__Supplied information__:
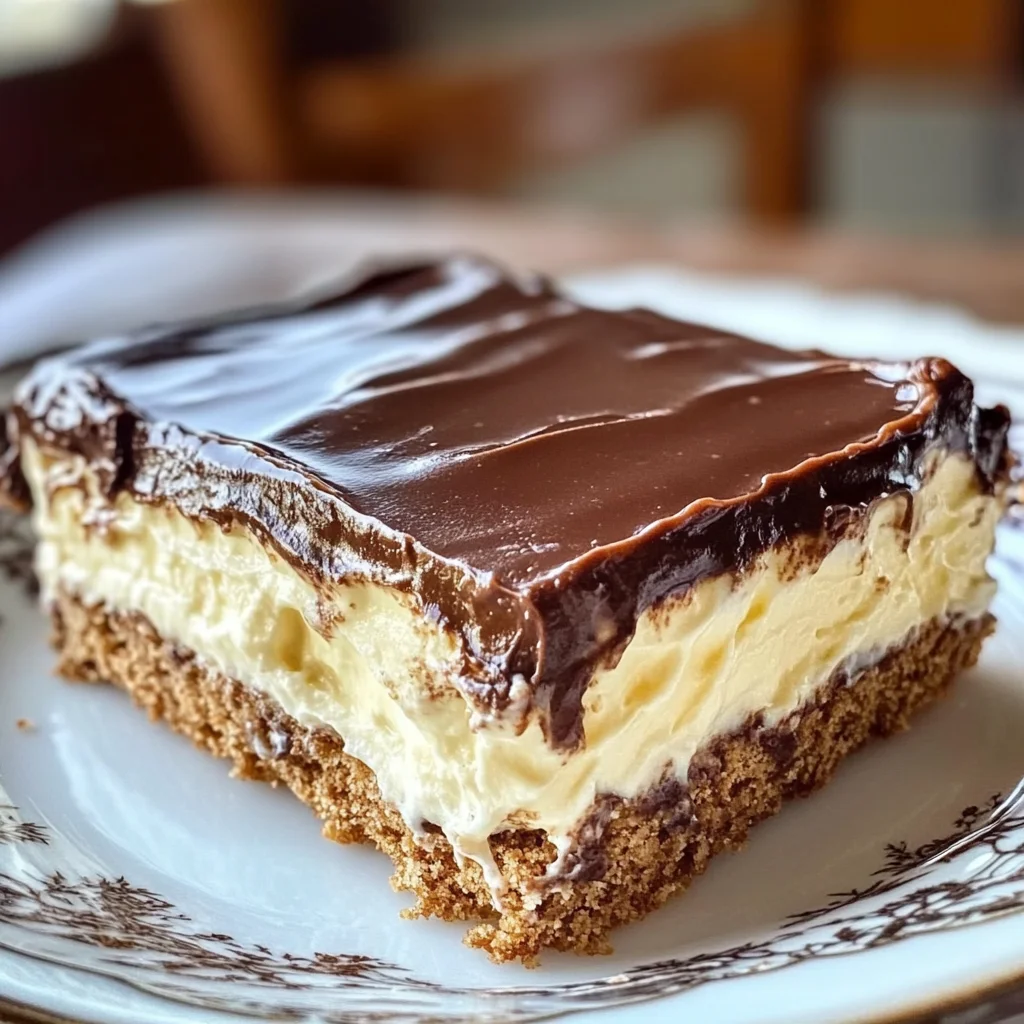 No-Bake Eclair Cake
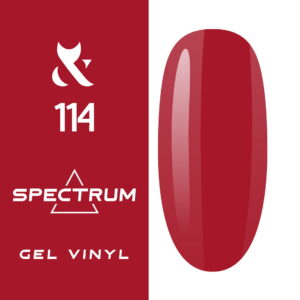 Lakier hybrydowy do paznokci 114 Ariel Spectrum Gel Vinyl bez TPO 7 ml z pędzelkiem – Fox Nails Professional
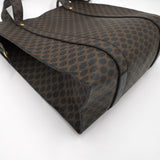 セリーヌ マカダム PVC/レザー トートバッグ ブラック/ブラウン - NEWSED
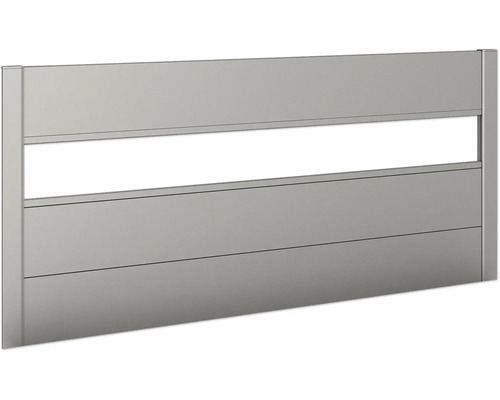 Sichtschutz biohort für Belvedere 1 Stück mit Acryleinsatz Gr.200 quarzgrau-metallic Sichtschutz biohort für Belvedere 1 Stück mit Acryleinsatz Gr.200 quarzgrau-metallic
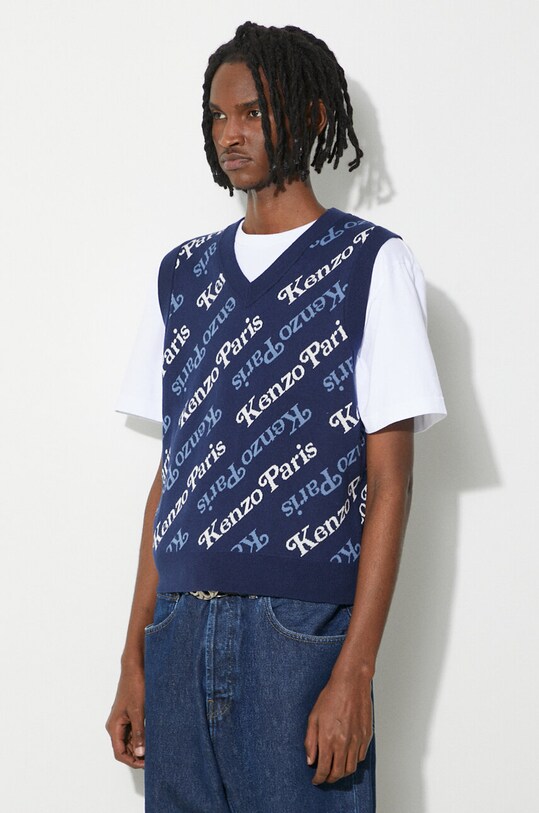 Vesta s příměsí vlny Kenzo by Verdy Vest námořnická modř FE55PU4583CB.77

__Exercise__: Using the data above, output the line that has "セリーヌ マカダム PVC/レザー トートバッグ ブラック/ブラウン - NEWSED", the line that has "Gr.200 quarzgrau-metallic Sichtschutz", and whatever lines fall between, each exactly as it stands and without pictures.

__Written answer__:
 セリーヌ マカダム PVC/レザー トートバッグ ブラック/ブラウン - NEWSED
 Sichtschutz biohort für Belvedere 1 Stück mit Acryleinsatz Gr.200 quarzgrau-metallic Sichtschutz biohort für Belvedere 1 Stück mit Acryleinsatz Gr.200 quarzgrau-metallic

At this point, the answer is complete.